Allerdings lässt das sachsen-anhaltinische Ordnungsrecht gar keine gewerbsmäßigen, sondern ausschließlich ehrenamtliche Ordner zu. Zudem trug Möritz bei seiner Ordnertätigkeit ein T-Shirt der Naziband Endstufe, wie Fotos zeigten. Darauf gab der CDU-Mann an, die Ordnerfunktion aus »falsch verstandener Loyalität« übernommen zu haben und als 19jähriger politisch noch nicht gefestigt gewesen zu sein. Tatsächlich war er zum fraglichen Zeitpunkt bereits 21 Jahre alt. Zudem trug er auch im Dezember 2019 noch unverändert die Tätowierung der Schwarzen Sonne.
Der CDU-Kreisverband Anhalt-Bitterfeld mit Sitz in Köthen nahm Möritz seinen vorgeblichen Gesinnungswandel dennoch ab. Bereits vor einer Sondersitzung, die der Kreisverband auf Druck des Landesverbands für den 13. Dezember einberufen hatte, verkündete Matthias Egert, der Vorsitzende sowohl des Kreisverbands als auch des Konservativen Kreises: »Ich halte die Vorwürfe für absurd.« Nachdem Möritz sich in der Sitzung zu seiner Vergangenheit erklärt hatte, sprach ihm der Kreisvorstand einstimmig das Vertrauen aus.
Zwei Tage später trat Möritz bei Uniter aus. Die Satzung des Vereins sieht einen sofortigen Austritt zwar gar nicht vor. Jedoch habe der Verein dem Austrittsgesuch dennoch stattgegeben, da Möritz mit seiner Austrittserklärung lediglich einem Ausschlussverfahren zuvorgekommen sei, teilte Uniter mit. Der Verein dulde keine »extremistischen Einstellungen«.
Kai Mehliß, ein CDU-Mitglied aus dem nahegelegenen Bernburg und ebenfalls Mitglied des Konservativen Kreises, trat im Zuge der Enthüllungen über Möritz ebenfalls bei Uniter aus. Noch am 11. Dezember hatte der Bundeswehrreservist in Bernburg nach Informationen von Spiegel Online einen »Security Round Table« des Vereins organisiert.
Der Landesverband der CDU stellte sich seinen pflichtschuldigen Bekenntnissen zur Demokratie zum Trotz erst einmal hinter Möritz und den Kreisverband Anhalt-Bitterfeld.
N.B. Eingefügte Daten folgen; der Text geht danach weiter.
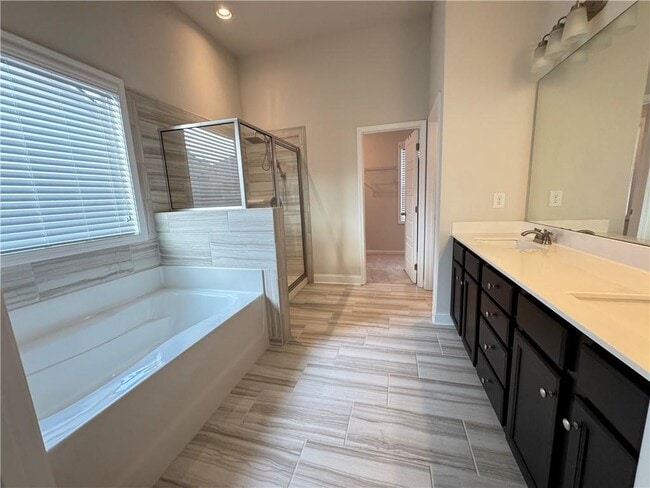 Building Photo - 1572 Dover Creek Ln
Das rief scharfen Protest der Koalitionspartner hervor. »Wie viele Hakenkreuze haben Platz in der CDU?« fragten die beiden Landesvorsitzenden der Grünen, Susan Sziborra-Seidlitz und Sebastian Striegel, in einer Pressemitteilung am 14. Dezember. Sven Schulze, der Generalsekretär des CDU-Landesverbands, erwiderte noch am selben Tag, der Beitrag sei inakzeptabel und stelle eine pauschale Vorverurteilung der gesamten CDU dar. Er forderte, auch im Namen des Landesvorsitzenden Stahlknecht, eine umgehende Entschuldigung. »Ohne diese ist eine Fortsetzung der Koalition kaum denkbar«, so Schulze via Twitter.
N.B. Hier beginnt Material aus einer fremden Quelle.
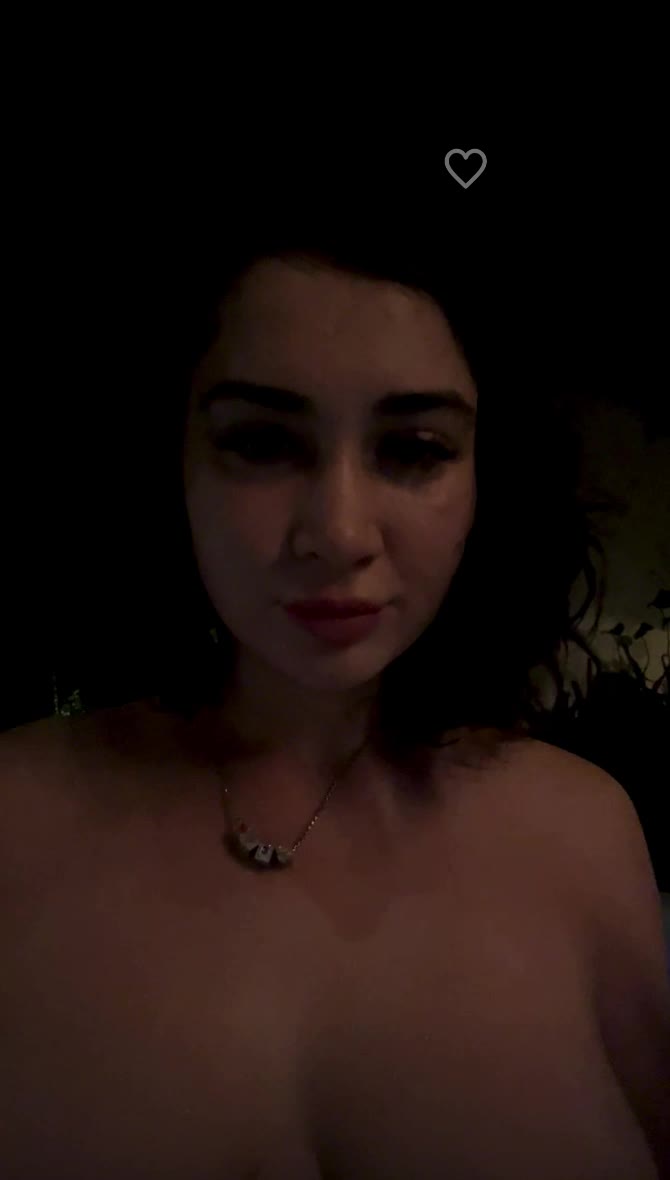 Video 622673 from Liz | Lupuwellness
Zum Bruch kam es dann doch nicht. Offenbar mahnte im Hintergrund die CDU-Bundesführung eine klarere Haltung des Landesverbands gegen Neonazis an. Auf einer Sondersitzung am 19. Dezember beschloss der Landesvorstand, dass Möritz bis zum 27. Dezember eine umfassende Stellungnahme über seine Verbindungen in das rechtsextreme Milieu abzugeben habe und erklären solle, dass NS-Symbolik mit einer CDU-Mitgliedschaft unvereinbar sei. Auch solle er sich seine Tätowierung entfernen lassen. Möritz reagierte am Folgetag, indem er alle Parteiämter niederlegte und aus der CDU austrat. »Um weiteren Schaden von der Partei abzuwenden und politische Diskussionen zu befrieden, möchte ich hiermit ein persönliches Zeichen setzen«, sagte Möritz und fügte an: »Manchmal bedarf es der Besinnung auf die wahren Prioritäten im Leben.« So uneindeutig wie dieser Satz war auch der Umgang der sachsen-anhaltinischen CDU mit der Causa Möritz.